━━ DATA FOR THIS EXERCISE
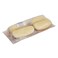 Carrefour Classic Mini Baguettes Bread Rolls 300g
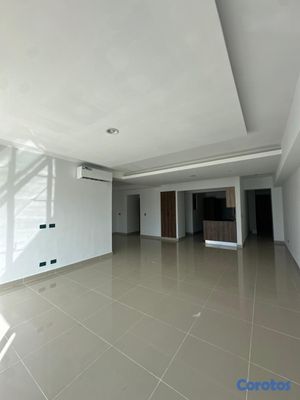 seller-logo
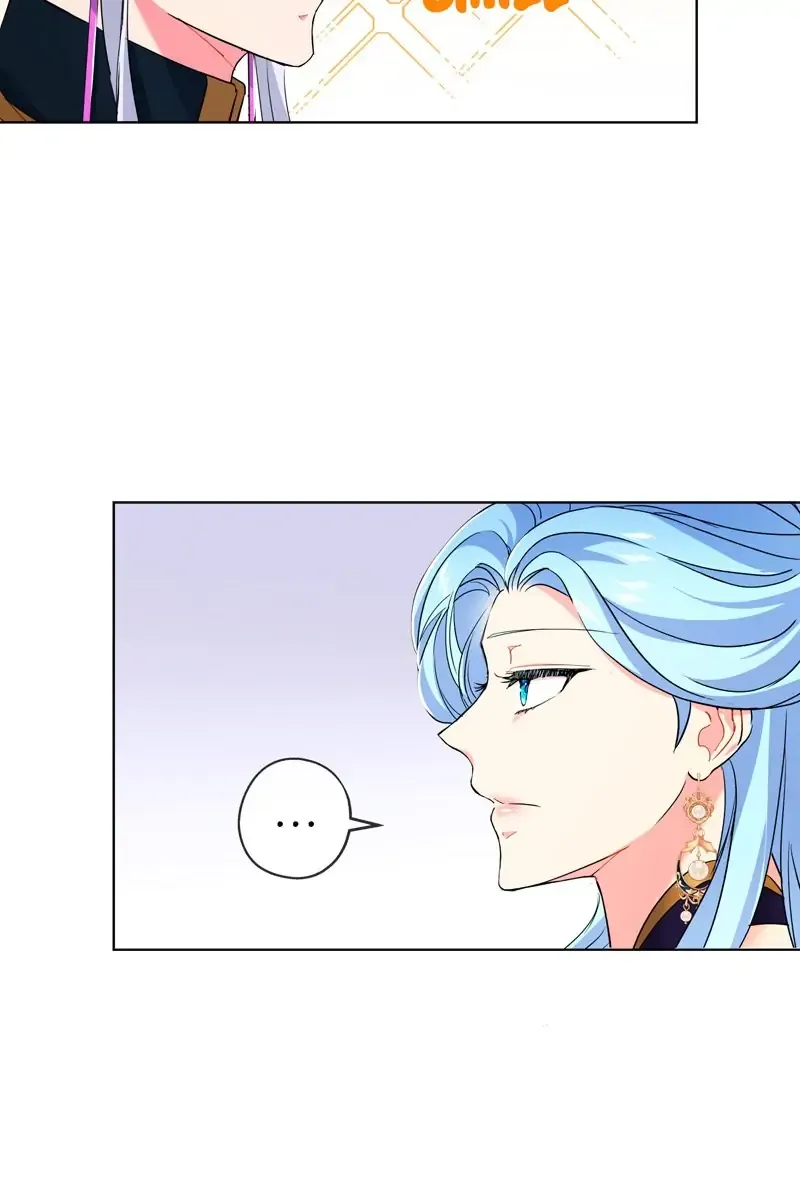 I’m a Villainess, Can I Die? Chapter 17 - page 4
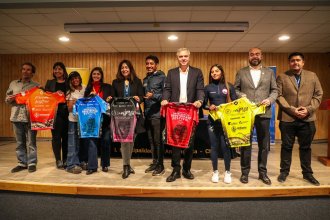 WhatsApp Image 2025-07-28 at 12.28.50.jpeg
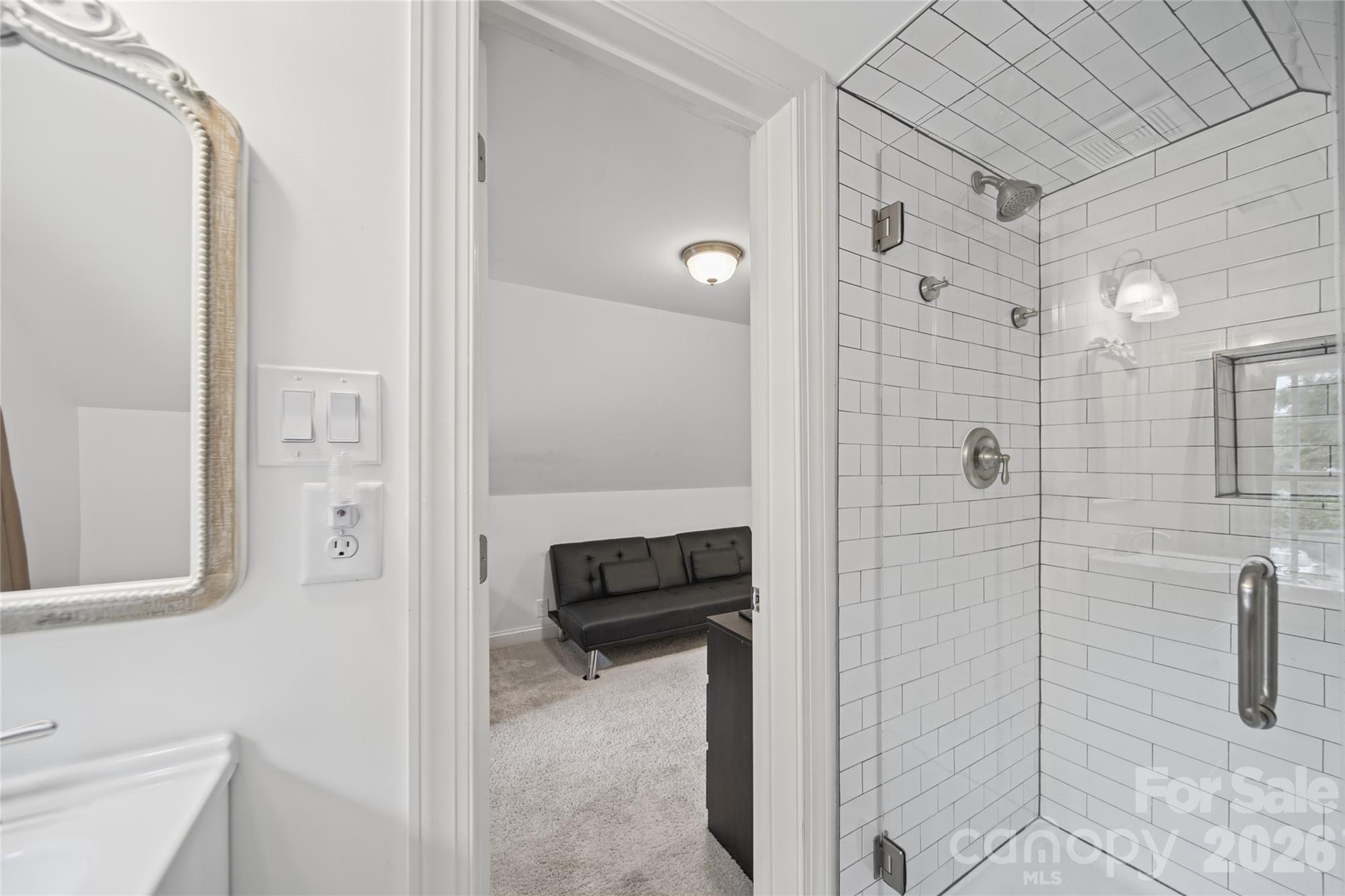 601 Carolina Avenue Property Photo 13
━━━━
Pictures excluded, set down all the entries exactly.

(SOLUTION TO THIS PROBLEM)
 Carrefour Classic Mini Baguettes Bread Rolls 300g
 seller-logo
 I’m a Villainess, Can I Die? Chapter 17 - page 4
 WhatsApp Image 2025-07-28 at 12.28.50.jpeg
 601 Carolina Avenue Property Photo 13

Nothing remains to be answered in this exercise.